#### [Work instructions]
Repeat the whole listing, keeping each line as it is.
'''
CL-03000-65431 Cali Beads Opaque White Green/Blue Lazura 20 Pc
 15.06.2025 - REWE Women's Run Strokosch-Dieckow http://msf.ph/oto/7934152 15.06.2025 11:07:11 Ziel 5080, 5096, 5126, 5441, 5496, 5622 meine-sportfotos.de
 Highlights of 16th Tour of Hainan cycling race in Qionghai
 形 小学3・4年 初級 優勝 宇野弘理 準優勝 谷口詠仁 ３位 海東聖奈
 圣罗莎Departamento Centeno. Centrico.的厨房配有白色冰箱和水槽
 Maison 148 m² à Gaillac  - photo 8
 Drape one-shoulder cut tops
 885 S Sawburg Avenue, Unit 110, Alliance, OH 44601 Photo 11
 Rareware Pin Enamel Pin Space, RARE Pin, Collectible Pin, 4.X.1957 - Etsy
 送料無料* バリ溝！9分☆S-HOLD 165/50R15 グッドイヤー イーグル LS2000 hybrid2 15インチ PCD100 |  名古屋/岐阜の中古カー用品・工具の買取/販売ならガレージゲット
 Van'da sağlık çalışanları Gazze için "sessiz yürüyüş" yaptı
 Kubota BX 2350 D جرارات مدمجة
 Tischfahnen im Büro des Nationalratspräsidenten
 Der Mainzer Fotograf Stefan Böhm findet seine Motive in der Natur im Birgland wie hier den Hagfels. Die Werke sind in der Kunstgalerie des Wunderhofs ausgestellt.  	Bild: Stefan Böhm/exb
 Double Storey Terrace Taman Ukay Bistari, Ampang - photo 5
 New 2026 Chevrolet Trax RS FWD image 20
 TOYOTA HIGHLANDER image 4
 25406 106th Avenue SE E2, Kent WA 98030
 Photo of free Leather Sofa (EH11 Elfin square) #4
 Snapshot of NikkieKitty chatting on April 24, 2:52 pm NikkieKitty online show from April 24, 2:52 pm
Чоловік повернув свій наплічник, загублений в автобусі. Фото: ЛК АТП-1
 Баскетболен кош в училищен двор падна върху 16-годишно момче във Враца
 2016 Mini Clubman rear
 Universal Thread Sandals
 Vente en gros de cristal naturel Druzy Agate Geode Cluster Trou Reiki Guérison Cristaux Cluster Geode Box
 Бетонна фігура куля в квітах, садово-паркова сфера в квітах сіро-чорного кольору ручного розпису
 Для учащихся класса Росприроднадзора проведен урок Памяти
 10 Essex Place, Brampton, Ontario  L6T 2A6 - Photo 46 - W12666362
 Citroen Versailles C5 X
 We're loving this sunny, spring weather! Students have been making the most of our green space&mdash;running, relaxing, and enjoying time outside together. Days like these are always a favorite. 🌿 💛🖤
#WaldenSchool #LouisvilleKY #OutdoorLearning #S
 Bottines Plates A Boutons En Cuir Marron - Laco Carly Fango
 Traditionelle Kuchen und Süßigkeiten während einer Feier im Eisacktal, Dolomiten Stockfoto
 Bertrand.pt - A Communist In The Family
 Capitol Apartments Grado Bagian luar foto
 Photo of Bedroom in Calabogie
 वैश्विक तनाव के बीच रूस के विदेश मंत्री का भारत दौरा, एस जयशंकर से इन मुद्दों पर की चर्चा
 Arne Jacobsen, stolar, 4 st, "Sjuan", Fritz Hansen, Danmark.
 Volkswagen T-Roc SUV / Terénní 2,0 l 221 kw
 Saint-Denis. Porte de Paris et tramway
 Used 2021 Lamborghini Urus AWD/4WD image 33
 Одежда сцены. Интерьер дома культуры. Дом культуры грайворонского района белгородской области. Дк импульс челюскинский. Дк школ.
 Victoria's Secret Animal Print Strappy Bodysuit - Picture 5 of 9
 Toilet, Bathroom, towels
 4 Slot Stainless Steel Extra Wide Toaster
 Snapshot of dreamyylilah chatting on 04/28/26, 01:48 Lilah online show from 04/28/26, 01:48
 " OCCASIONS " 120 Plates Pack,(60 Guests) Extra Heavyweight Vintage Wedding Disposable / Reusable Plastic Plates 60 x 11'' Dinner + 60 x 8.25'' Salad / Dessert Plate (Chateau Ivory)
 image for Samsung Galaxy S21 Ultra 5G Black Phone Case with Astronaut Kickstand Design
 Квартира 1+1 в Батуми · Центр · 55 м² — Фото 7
'''
#### [Answer section]
CL-03000-65431 Cali Beads Opaque White Green/Blue Lazura 20 Pc
 15.06.2025 - REWE Women's Run Strokosch-Dieckow http://msf.ph/oto/7934152 15.06.2025 11:07:11 Ziel 5080, 5096, 5126, 5441, 5496, 5622 meine-sportfotos.de
 Highlights of 16th Tour of Hainan cycling race in Qionghai
 形 小学3・4年 初級 優勝 宇野弘理 準優勝 谷口詠仁 ３位 海東聖奈
 圣罗莎Departamento Centeno. Centrico.的厨房配有白色冰箱和水槽
 Maison 148 m² à Gaillac  - photo 8
 Drape one-shoulder cut tops
 885 S Sawburg Avenue, Unit 110, Alliance, OH 44601 Photo 11
 Rareware Pin Enamel Pin Space, RARE Pin, Collectible Pin, 4.X.1957 - Etsy
 送料無料* バリ溝！9分☆S-HOLD 165/50R15 グッドイヤー イーグル LS2000 hybrid2 15インチ PCD100 |  名古屋/岐阜の中古カー用品・工具の買取/販売ならガレージゲット
 Van'da sağlık çalışanları Gazze için "sessiz yürüyüş" yaptı
 Kubota BX 2350 D جرارات مدمجة
 Tischfahnen im Büro des Nationalratspräsidenten
 Der Mainzer Fotograf Stefan Böhm findet seine Motive in der Natur im Birgland wie hier den Hagfels. Die Werke sind in der Kunstgalerie des Wunderhofs ausgestellt.  	Bild: Stefan Böhm/exb
 Double Storey Terrace Taman Ukay Bistari, Ampang - photo 5
 New 2026 Chevrolet Trax RS FWD image 20
 TOYOTA HIGHLANDER image 4
 25406 106th Avenue SE E2, Kent WA 98030
 Photo of free Leather Sofa (EH11 Elfin square) #4
 Snapshot of NikkieKitty chatting on April 24, 2:52 pm NikkieKitty online show from April 24, 2:52 pm
Чоловік повернув свій наплічник, загублений в автобусі. Фото: ЛК АТП-1
 Баскетболен кош в училищен двор падна върху 16-годишно момче във Враца
 2016 Mini Clubman rear
 Universal Thread Sandals
 Vente en gros de cristal naturel Druzy Agate Geode Cluster Trou Reiki Guérison Cristaux Cluster Geode Box
 Бетонна фігура куля в квітах, садово-паркова сфера в квітах сіро-чорного кольору ручного розпису
 Для учащихся класса Росприроднадзора проведен урок Памяти
 10 Essex Place, Brampton, Ontario  L6T 2A6 - Photo 46 - W12666362
 Citroen Versailles C5 X
 We're loving this sunny, spring weather! Students have been making the most of our green space&mdash;running, relaxing, and enjoying time outside together. Days like these are always a favorite. 🌿 💛🖤
#WaldenSchool #LouisvilleKY #OutdoorLearning #S
 Bottines Plates A Boutons En Cuir Marron - Laco Carly Fango
 Traditionelle Kuchen und Süßigkeiten während einer Feier im Eisacktal, Dolomiten Stockfoto
 Bertrand.pt - A Communist In The Family
 Capitol Apartments Grado Bagian luar foto
 Photo of Bedroom in Calabogie
 वैश्विक तनाव के बीच रूस के विदेश मंत्री का भारत दौरा, एस जयशंकर से इन मुद्दों पर की चर्चा
 Arne Jacobsen, stolar, 4 st, "Sjuan", Fritz Hansen, Danmark.
 Volkswagen T-Roc SUV / Terénní 2,0 l 221 kw
 Saint-Denis. Porte de Paris et tramway
 Used 2021 Lamborghini Urus AWD/4WD image 33
 Одежда сцены. Интерьер дома культуры. Дом культуры грайворонского района белгородской области. Дк импульс челюскинский. Дк школ.
 Victoria's Secret Animal Print Strappy Bodysuit - Picture 5 of 9
 Toilet, Bathroom, towels
 4 Slot Stainless Steel Extra Wide Toaster
 Snapshot of dreamyylilah chatting on 04/28/26, 01:48 Lilah online show from 04/28/26, 01:48
 " OCCASIONS " 120 Plates Pack,(60 Guests) Extra Heavyweight Vintage Wedding Disposable / Reusable Plastic Plates 60 x 11'' Dinner + 60 x 8.25'' Salad / Dessert Plate (Chateau Ivory)
 image for Samsung Galaxy S21 Ultra 5G Black Phone Case with Astronaut Kickstand Design
 Квартира 1+1 в Батуми · Центр · 55 м² — Фото 7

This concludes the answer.